La pandémie liée au Covid-19 a provoqué des bouleversements socio-économiques dans le monde entier, notamment chez les soignants. En France, alors que les cas graves affluaient à l’hôpital, les cabinets de ville ont été désertés en raison du confinement. Cette baisse d’activité a impacté les revenus des médecins, en particulier les jeunes généralistes.

Pour mieux l’appréhender, le syndicat ReAGJIR a diffusé un sondage* auprès des remplaçants et jeunes installés en médecine générale, par mail et via les réseaux sociaux, du 24 avril au 9 mai dernier : 1 367 réponses ont été exploitables.
Notons que, lors de l’envoi du questionnaire, l’aide de la CARMF ainsi que l’indemnisation de la perte d’activité pour les médecins libéraux installés proposée par la CNAM n’étaient pas encore validées.

Remplaçants, médecins adjoints et assistants

Chez ces 985 sondés, le chiffre d’affaires (CA) mensuel moyen était comparable pour les remplaçants thésés ou non (5 000-6 000 € en moyenne), avec un taux de charges moyen de 30 %.
Presque 70 % des répondants s’étaient vu annuler au moins un remplacement durant cette période (pour la moitié, un contrat avait été signé) ; 92,4 % se disaient impactés par la pandémie. En mars, 43 % avaient perdu plus de la moitié de leur CA mensuel habituel ; en avril, cette proportion montait à 64 %.
Ce sondage révèle une mauvaise connaissance des aides mises en place. En effet, parmi les sujets ayant perdu plus de 50 % de leur CA, seulement 10-15 % avaient fait une demande d’aide du Fonds de solidarité national. Les trois quarts de ceux ne l’ayant pas sollicitée ne la connaissaient pas ou ne pensaient pas y avoir droit. Notons qu’un certain nombre de remplaçants en début d’activité libérale n’étaient pas éligibles car ils n’avaient pas d’activité suffisante l’année précédente (CA faible). La CARMF avait été très peu sollicitée (moins de 3 % des remplaçants thésés).
Pendant cette période, une activité en sus de la pratique habituelle (centre Covid, gardes) aurait-elle pu compenser la baisse de CA ? Plus de la moitié des répondants avaient assumé un travail supplémentaire, mais pour 60 % de ces derniers, cela n’avait pas compensé leur perte de revenus.
Un tiers des remplaçants étaient très inquiets quant à leur capacité à s’en sortir financièrement sachant que le fonds de caisse médian était estimé entre 1 et 2 mois de CA. À noter que 13 % n’avaient pas de prévoyance.

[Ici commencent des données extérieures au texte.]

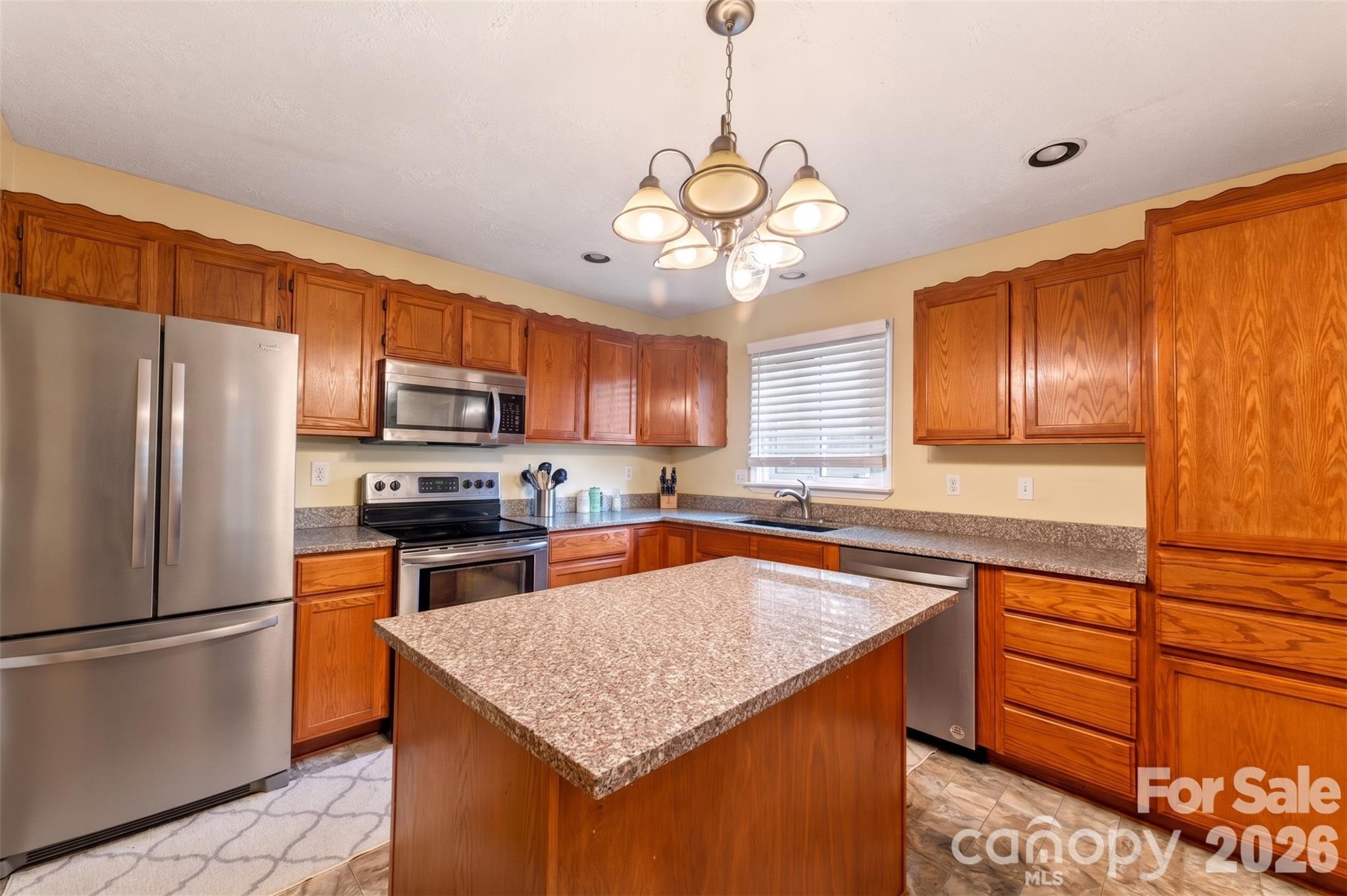 501 Old Farm Road Property Photo 1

Fraîchement installés, + impactés

Les installés depuis moins de 1 an (382 sondés) étaient le plus durement touchés. En cause, un CA mensuel moyen moindre (médiane : 6 000-7 000 € contre 8 000-9 000 € pour les 1-2 ans et 9 000-10 000 € pour les 2-5 ans), avec des charges globalement similaires (médiane à 40 %). Ils ne bénéficiaient pas encore de la ROSP (rémunération sur objectifs de santé publique) pour la plupart, alors que selon les installés depuis plus de 1 an, elle avait été d’une grande aide pendant la crise (même si cela n’est normalement pas son rôle), comme le forfait médecin traitant et le contrat PTMG (praticiens territoriaux de médecin générale).
La majorité (97 %) des jeunes installés (< 1 an) s’estimaient impactés, contre 88 % des installés depuis 2-5 ans. En mars, 26,2 % des répondants avaient perdu plus de 50 % de leur CA mensuel, 50,5 % en avril.
Tout comme les remplaçants, ils semblaient peu au courant des aides disponibles. En effet, en mars, seulement 19 % avaient sollicité le Fonds de solidarité. Moins de 30 % avaient demandé l’aide de la CARMF.
Enfin, la moitié des participants avait déclaré une activité en centre Covid ou assuré des gardes en plus de leur exercice habituel. Cela n’avait généralement pas compensé les pertes financières.
Dans les commentaires libres, de nombreuses femmes enceintes au 1er ou 2e trimestre ont fait part de leur mécontentement, se sentant désavantagées par l’absence d’indemnisation de la CARMF ou de leur prévoyance.
Beaucoup avaient le sentiment que la médecine de ville avait été oubliée dans la gestion de la crise. Enfin, de nombreux remplaçants s’inquiétaient pour les prochains mois face à la poursuite des annulations de leurs contrats.
Ainsi, les remplaçants et les jeunes installés depuis moins de 1 an ont été les plus touchés financièrement par la baisse d’activité liée au Covid-19. Or ils étaient les moins éligibles aux aides proposées…

* Sondage impact financier ReAGJIR : Caroline Monteragioni, Mathilde Chouquet, élise Frahi, élodie Bour.